# TASK GOAL
Below this line are records; write out exactly the lines from the one containing "Beef Tallow for Skin" through the one containing "Custom Face Socks", with the pictures left out.

*** DATA IN THIS EXERCISE ***

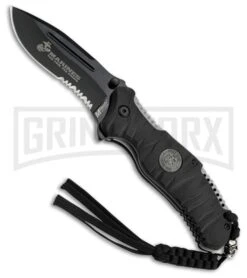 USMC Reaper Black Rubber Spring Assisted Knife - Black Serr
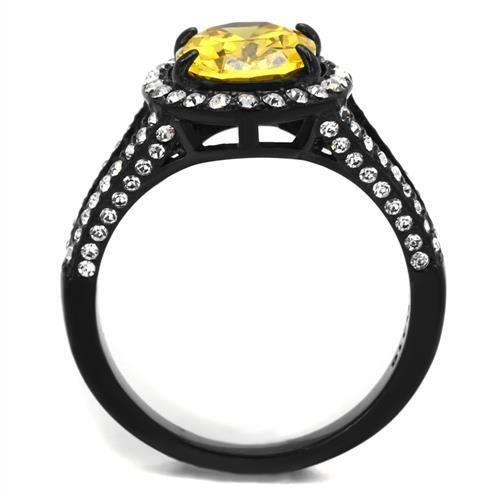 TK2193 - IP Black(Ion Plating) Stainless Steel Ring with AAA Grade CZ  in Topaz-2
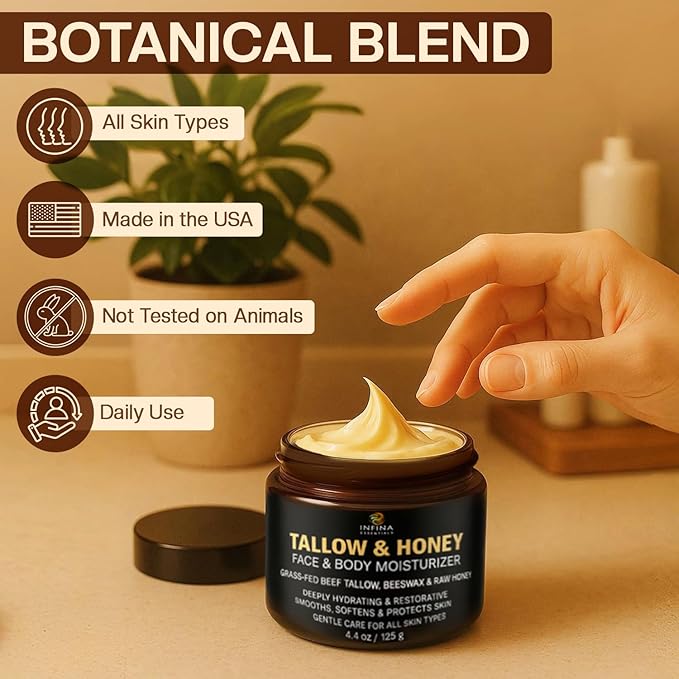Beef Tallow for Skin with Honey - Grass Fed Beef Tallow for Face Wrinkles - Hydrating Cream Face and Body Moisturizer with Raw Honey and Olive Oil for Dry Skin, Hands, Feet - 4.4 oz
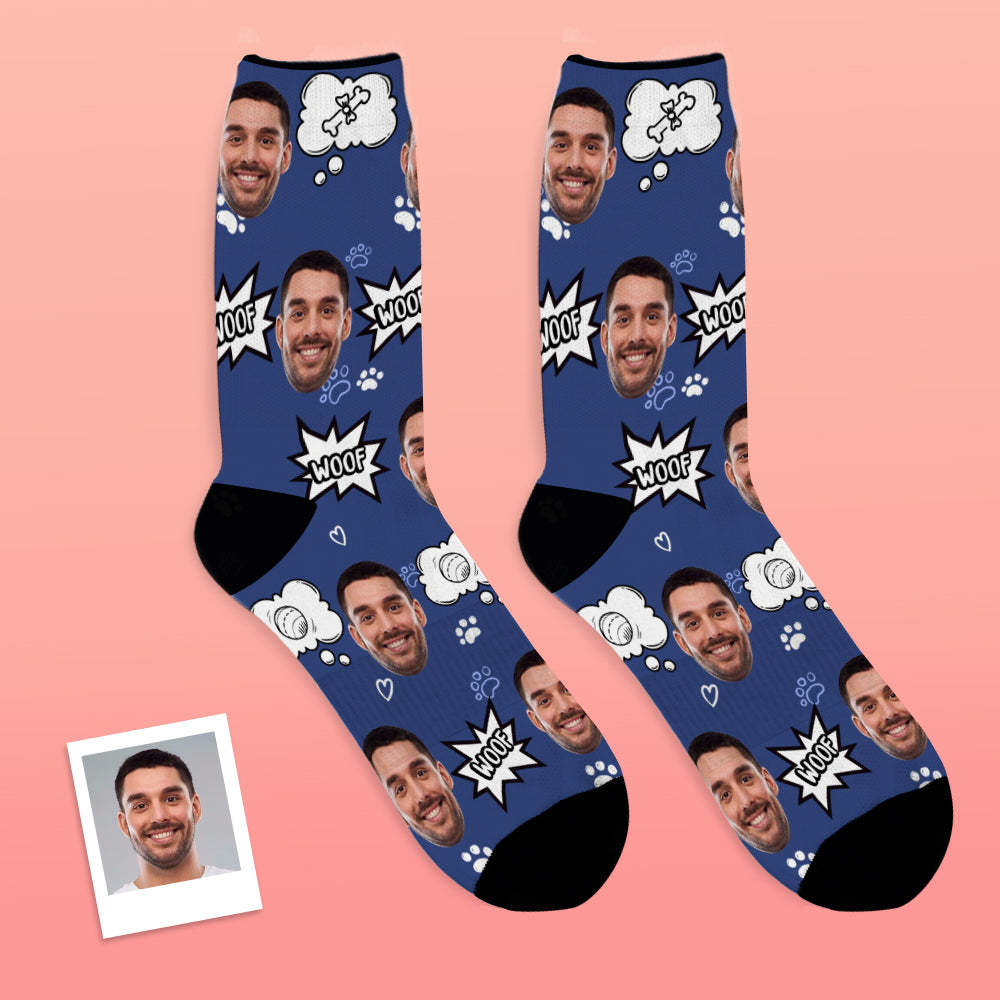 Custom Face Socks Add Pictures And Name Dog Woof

*** End of DATA IN THIS EXERCISE ***
*** DATA IN THIS EXERCISE ***

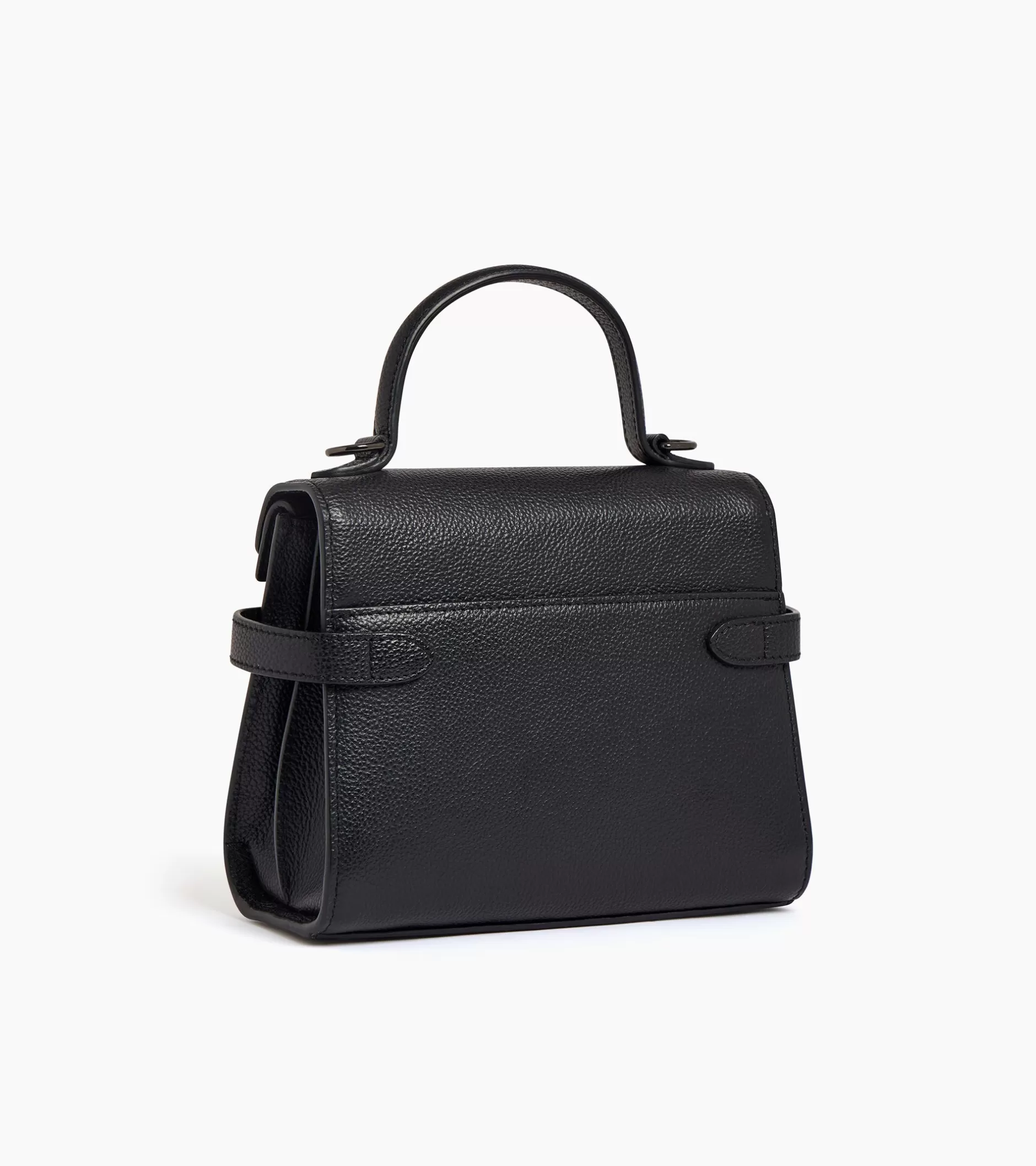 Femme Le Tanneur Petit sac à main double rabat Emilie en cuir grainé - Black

*** End of DATA IN THIS EXERCISE ***

# RESPONSE TO THE TASK
Beef Tallow for Skin with Honey - Grass Fed Beef Tallow for Face Wrinkles - Hydrating Cream Face and Body Moisturizer with Raw Honey and Olive Oil for Dry Skin, Hands, Feet - 4.4 oz
 Custom Face Socks Add Pictures And Name Dog Woof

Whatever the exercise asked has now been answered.